Abstract: This talk will explore the interplay between DNA and big data.
In the first part, I will talk about storing data in DNA. DNA is an attractive medium to store digital information and I will report our method to record information using a strategy called DNA Fountain. Using our approach, we stored 2.14 × 106 bytes in DNA oligonucleotides and perfectly retrieved the information from a sequencing coverage equivalent to a single tile of Illumina sequencing. We also explored the limit of our architecture in terms of bytes per molecule and obtained a perfect retrieval from a density of 215 petabytes per gram of DNA, orders of magnitude higher than other storage devices. Finally, we developed a new storage architecture called the “DNA of things” that allows to turn everyday objects, such as glasses, into storage devices.
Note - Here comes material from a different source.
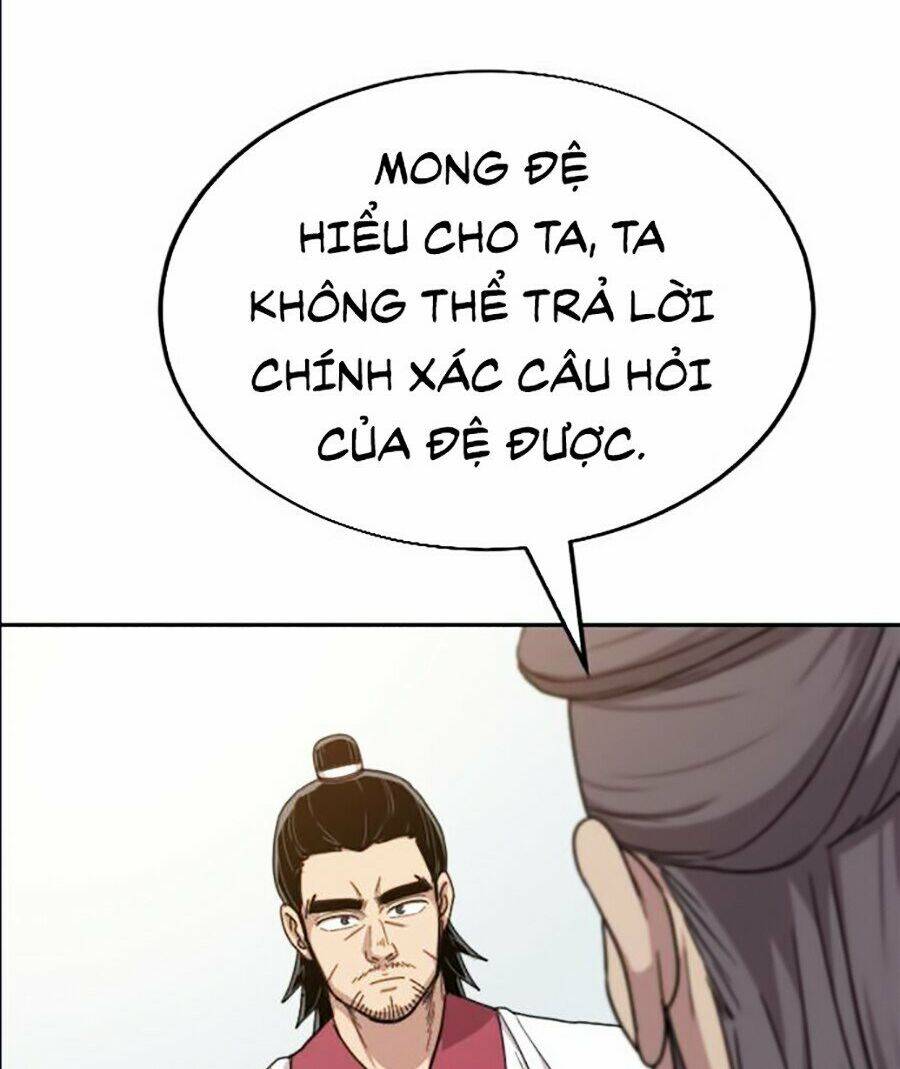 Hoa Sơn Tái Khởi Chap 19 - Next Chap 20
In the second part, I will present a new study about the limitation of genetic privacy. Consumer genomics databases have reached the scale of millions of individuals. Recently, law enforcement authorities have exploited some of these databases to identify suspects via distant familial relatives. Using genomic data of 1.28 million individuals tested with consumer genomics, we investigated the power of this technique. We project that over 60% of the searches for individuals of European-descent will result in a third cousin or closer match, which can allow their identification using demographic identifiers. Moreover, the technique could implicate nearly any US-individual of European-descent in the near future. We demonstrate that the technique can also identify research participants of a public sequencing project. Based on these results, we propose a potential mitigation strategy and policy implications to human subject research.